[What you are asked to do]: Go through the data line by line from the top, retyping each exactly, and end with the line that contains "Downloadable 20 page".

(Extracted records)
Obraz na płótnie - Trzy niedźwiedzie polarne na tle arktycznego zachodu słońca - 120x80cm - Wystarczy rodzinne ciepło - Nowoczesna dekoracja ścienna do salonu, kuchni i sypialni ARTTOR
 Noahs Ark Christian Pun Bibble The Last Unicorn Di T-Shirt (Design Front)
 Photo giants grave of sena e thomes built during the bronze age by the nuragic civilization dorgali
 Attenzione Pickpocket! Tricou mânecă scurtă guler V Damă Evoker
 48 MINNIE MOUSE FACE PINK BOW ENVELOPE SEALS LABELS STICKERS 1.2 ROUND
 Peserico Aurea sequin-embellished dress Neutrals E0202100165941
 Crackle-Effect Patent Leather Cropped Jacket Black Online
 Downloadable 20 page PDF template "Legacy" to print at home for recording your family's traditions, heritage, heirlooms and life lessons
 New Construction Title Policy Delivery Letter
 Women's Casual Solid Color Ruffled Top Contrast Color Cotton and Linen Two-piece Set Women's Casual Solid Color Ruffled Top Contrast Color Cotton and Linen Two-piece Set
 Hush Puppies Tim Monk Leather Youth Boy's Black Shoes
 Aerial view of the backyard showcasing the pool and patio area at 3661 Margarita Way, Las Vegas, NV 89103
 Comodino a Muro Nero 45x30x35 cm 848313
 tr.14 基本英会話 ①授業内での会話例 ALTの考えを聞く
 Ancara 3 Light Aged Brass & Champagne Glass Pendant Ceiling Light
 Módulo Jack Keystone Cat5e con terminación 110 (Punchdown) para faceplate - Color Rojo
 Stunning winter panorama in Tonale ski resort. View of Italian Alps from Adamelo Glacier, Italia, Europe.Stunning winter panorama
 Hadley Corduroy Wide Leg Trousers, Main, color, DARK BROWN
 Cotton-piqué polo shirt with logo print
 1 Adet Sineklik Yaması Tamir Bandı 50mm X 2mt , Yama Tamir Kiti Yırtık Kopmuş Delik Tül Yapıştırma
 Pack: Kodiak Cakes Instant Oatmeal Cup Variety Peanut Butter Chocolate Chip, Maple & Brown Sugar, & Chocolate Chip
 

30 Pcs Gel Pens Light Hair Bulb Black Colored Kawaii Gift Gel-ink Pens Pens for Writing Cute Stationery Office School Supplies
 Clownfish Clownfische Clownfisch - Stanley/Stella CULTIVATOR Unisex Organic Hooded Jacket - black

[The completed task]:
Obraz na płótnie - Trzy niedźwiedzie polarne na tle arktycznego zachodu słońca - 120x80cm - Wystarczy rodzinne ciepło - Nowoczesna dekoracja ścienna do salonu, kuchni i sypialni ARTTOR
 Noahs Ark Christian Pun Bibble The Last Unicorn Di T-Shirt (Design Front)
 Photo giants grave of sena e thomes built during the bronze age by the nuragic civilization dorgali
 Attenzione Pickpocket! Tricou mânecă scurtă guler V Damă Evoker
 48 MINNIE MOUSE FACE PINK BOW ENVELOPE SEALS LABELS STICKERS 1.2 ROUND
 Peserico Aurea sequin-embellished dress Neutrals E0202100165941
 Crackle-Effect Patent Leather Cropped Jacket Black Online
 Downloadable 20 page PDF template "Legacy" to print at home for recording your family's traditions, heritage, heirlooms and life lessons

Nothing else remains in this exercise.